Virtual obsolescence

This is a topic that worries me. I guess few other people will have interest in planning ahead what happens to software creations/property/art when they become obsolete and depend on some obsolete/discontinued component to work but this is an eventual fact of software and hardware life.

So, why should you worry?

Well, for a start you will be throwing down the trash all the money, effort and resources that you already acquired up to that point and then repeat it all over again.

Say for example that we are in 1990 and you just bought a new IBM personal computer or acquired yourself a nice website domain. After a couple of years you see no more use for any of them and they quickly get disposed with something more interesting at that moment.

What is the result? The computer or website domain that you acquired might have cost you some hundreds to thousands of dollars and now it is just plain trash in your eyes, quickly lost from sight and only a memory to you.

Now what happens when fast forwarding 30 years from now? That old piece of hardware might possibly hold now a status of vintage and the website domain gets its value increased due to longevity of its registration date which is a factor of value to collectors.
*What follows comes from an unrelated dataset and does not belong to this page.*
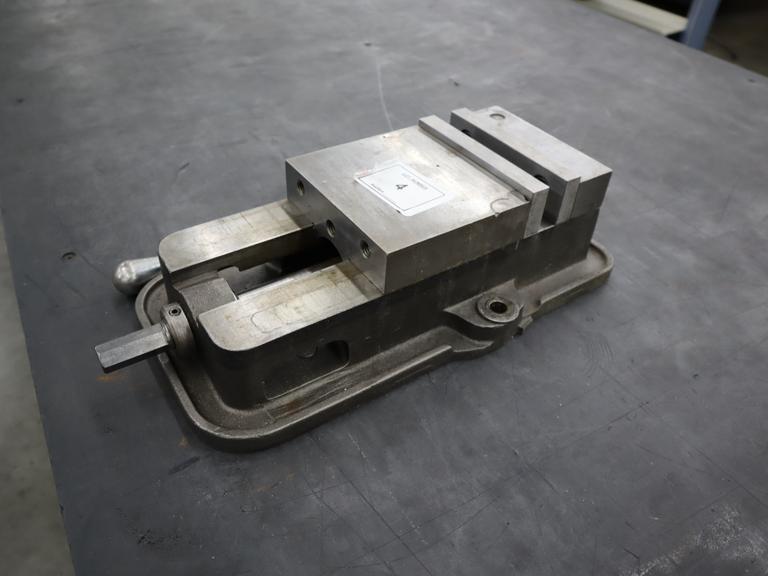 Kurt D-60 6" Machine Vise Steel Jaws, Handle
I'm not advocating that you should keep everything obsolete around your house, the point is asking you to think and apply this concept to the software bits that you write, the work that results from your own intellectual creations which many times will be lost after a mere years.
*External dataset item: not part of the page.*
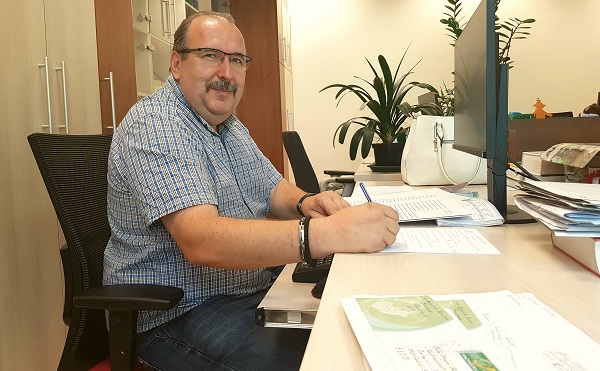 Szakácskönyvet lektorál Prohászka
In this virtual world, you can likely adopt two distinct approaches: 1) accept that things might be lost forever and do nothing or 2) accept that things might be lost but do something to counter-act this kind of obsolescence.

If you're the type of person willing to follow option 2) then here is my list of recommendations to consider.

  1. Style doesn't go out of fashion. Pick a domain name that you are proud about right now and keep it for as long as you can. In some years the domain might be unused but if you have chosen a name you personally fell attached, then it might still be used for other projects or just kept as a collector item (with added value if it hosted a site in the past). As for hardware, try to pick a good looking machine. Extra points if it is sturdy and from a reputable vendor. The odds are that you will remain a proud owner of the machine regardless of how obsolete the hardware underneath has became in the meanwhile (for e.g. I kept religiously my first laptop from the 90's and 20 years later was a portion of computer history and my own history).
  2. Use public hosting whenever possible. Say for example this blog, Google will keep my words around for thousands of moon-cycles after I stop walking on this earth. Invest your time wisely in choosing a network platform that has conditions to last. A private hosting eventually gets disconnected or some public services will not care about you and delete everything after a few years (for e.g. Microsoft already deleted my first blog, GitHub will delete your account if unused, Yahoo killed Geocities, ...). At least with companies like Google I will be sure that these blog memories will live forward since they rely on data gathering as a business model.
  3. Share your projects. If you're founding/maintaining a project that you hold dear, then consider opening your hand of the sole ownership. Let other people of your trust to step aboard as administrators and owners instead of just grouping followers or supporters. Being a creative genie is a fabulous thing but when you're doing everything alone then alone you remain. For me (as author and/or user), it hurts when one of these projects fades to oblivion after left alone. This model of work might function good for someone like Fabrice Bellard, but gosh, just share your projects. It is a great thing for everyone if you can walk away one day and see your child becoming fabulous as it grows through the years.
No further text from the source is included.